Data for this task Block Start
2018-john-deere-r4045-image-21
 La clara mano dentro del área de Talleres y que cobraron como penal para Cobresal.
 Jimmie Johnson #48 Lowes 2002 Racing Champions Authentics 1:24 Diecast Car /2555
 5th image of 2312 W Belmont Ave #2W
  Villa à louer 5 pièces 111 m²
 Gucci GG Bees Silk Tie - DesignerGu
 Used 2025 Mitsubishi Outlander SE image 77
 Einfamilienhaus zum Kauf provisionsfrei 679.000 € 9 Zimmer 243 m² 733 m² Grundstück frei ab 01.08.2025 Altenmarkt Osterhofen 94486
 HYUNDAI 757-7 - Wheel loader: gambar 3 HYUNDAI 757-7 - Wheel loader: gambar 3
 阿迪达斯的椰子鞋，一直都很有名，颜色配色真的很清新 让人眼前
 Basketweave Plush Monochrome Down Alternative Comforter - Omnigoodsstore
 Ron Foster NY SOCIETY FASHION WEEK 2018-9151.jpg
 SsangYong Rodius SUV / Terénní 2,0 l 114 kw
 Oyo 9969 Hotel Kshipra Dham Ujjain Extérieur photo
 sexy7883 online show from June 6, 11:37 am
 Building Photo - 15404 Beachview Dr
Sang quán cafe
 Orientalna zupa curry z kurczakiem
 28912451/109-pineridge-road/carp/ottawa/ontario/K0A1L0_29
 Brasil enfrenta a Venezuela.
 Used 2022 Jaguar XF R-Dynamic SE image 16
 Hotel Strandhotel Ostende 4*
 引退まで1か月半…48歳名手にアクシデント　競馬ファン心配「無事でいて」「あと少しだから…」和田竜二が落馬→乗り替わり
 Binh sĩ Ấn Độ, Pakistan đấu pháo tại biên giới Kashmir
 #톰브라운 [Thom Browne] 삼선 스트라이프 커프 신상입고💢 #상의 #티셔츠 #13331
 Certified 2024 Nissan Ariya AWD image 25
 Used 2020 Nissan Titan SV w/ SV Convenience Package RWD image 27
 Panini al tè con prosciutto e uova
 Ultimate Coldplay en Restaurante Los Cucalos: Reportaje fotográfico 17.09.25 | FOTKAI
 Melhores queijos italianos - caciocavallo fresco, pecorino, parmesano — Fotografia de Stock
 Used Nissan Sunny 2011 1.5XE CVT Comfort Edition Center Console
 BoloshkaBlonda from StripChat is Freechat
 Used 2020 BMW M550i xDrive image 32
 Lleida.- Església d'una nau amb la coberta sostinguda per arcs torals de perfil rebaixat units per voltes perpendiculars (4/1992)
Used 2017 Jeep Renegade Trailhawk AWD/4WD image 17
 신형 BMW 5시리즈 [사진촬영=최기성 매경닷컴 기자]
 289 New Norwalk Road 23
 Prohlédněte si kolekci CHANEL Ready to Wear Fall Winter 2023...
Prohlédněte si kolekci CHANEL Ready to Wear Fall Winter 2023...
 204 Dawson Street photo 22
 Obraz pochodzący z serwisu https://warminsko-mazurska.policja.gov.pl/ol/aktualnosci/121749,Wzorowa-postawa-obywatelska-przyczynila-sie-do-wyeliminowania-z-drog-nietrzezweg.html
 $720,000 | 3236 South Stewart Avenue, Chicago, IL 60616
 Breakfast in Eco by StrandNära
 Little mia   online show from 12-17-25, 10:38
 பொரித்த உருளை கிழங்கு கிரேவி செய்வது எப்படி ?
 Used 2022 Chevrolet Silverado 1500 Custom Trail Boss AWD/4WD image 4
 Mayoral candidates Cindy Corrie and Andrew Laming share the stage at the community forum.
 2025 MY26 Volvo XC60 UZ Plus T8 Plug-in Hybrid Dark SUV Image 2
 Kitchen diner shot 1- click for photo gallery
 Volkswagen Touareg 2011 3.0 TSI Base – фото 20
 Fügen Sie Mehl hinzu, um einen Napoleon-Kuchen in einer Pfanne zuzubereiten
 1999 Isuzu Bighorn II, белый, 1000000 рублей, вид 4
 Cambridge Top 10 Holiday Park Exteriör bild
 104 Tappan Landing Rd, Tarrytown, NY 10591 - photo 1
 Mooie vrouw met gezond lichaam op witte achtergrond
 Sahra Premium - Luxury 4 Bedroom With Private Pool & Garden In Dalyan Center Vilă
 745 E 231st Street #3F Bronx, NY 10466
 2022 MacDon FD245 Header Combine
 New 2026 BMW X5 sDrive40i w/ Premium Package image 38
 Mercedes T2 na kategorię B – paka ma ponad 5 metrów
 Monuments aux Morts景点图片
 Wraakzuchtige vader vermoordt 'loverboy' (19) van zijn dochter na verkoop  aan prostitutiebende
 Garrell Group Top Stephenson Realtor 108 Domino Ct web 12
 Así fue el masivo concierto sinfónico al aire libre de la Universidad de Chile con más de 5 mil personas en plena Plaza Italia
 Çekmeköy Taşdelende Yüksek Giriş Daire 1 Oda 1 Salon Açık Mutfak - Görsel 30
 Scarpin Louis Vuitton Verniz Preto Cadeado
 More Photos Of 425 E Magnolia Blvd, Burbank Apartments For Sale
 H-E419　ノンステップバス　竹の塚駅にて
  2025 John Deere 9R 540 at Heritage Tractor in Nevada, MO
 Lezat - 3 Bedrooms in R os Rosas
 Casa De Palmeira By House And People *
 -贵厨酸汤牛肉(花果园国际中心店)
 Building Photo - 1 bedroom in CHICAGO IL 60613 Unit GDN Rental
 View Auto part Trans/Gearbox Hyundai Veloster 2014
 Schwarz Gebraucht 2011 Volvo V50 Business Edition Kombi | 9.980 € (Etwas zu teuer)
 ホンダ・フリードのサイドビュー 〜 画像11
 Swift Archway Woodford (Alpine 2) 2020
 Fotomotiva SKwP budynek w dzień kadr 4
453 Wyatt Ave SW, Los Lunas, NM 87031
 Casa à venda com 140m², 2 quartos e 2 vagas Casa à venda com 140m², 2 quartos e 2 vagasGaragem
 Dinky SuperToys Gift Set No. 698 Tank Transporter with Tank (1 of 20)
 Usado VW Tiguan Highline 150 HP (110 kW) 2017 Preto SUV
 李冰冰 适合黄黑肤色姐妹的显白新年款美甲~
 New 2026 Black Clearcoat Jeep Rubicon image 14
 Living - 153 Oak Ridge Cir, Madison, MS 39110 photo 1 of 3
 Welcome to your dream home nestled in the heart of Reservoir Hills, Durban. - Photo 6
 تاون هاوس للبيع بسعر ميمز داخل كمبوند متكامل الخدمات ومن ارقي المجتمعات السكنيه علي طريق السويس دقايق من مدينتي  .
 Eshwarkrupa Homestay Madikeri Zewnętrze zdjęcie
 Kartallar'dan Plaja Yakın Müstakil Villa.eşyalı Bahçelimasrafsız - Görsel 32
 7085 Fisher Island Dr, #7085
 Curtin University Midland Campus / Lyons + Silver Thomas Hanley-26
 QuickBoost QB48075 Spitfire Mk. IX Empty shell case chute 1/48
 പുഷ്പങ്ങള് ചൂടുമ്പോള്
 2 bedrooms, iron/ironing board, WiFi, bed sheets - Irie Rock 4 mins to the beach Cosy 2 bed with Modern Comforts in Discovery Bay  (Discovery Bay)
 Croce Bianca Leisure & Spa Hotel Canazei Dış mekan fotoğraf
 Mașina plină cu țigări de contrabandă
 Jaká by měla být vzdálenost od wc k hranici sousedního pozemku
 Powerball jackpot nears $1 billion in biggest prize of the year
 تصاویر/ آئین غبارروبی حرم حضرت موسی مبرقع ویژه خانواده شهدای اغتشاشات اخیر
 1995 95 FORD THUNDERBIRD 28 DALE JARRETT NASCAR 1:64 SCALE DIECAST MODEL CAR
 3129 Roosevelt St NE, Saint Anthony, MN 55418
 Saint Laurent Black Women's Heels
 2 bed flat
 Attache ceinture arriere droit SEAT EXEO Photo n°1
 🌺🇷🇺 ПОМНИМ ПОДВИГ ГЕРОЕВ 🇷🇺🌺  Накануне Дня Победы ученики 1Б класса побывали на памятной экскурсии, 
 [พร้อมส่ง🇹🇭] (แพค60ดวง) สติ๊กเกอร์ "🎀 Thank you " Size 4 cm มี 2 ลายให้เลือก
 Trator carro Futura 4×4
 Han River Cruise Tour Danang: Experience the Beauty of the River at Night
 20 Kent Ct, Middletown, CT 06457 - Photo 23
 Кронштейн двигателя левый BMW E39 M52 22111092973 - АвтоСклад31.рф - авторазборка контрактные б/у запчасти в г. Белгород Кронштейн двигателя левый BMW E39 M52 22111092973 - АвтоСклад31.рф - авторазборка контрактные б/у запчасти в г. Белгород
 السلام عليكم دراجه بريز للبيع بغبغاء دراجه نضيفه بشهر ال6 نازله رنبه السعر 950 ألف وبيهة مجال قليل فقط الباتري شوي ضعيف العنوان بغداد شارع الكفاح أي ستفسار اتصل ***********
Data for this task Block End
**Exercise:**
Transcribe the lines above between the line holding "تصاویر/ آئین غبارروبی" and the line holding "ПОМНИМ ПОДВИГ ГЕРОЕВ", inclusive, exactly as they stand and with nothing added.

**Written answer:**
 تصاویر/ آئین غبارروبی حرم حضرت موسی مبرقع ویژه خانواده شهدای اغتشاشات اخیر
 1995 95 FORD THUNDERBIRD 28 DALE JARRETT NASCAR 1:64 SCALE DIECAST MODEL CAR
 3129 Roosevelt St NE, Saint Anthony, MN 55418
 Saint Laurent Black Women's Heels
 2 bed flat
 Attache ceinture arriere droit SEAT EXEO Photo n°1
 🌺🇷🇺 ПОМНИМ ПОДВИГ ГЕРОЕВ 🇷🇺🌺  Накануне Дня Победы ученики 1Б класса побывали на памятной экскурсии, 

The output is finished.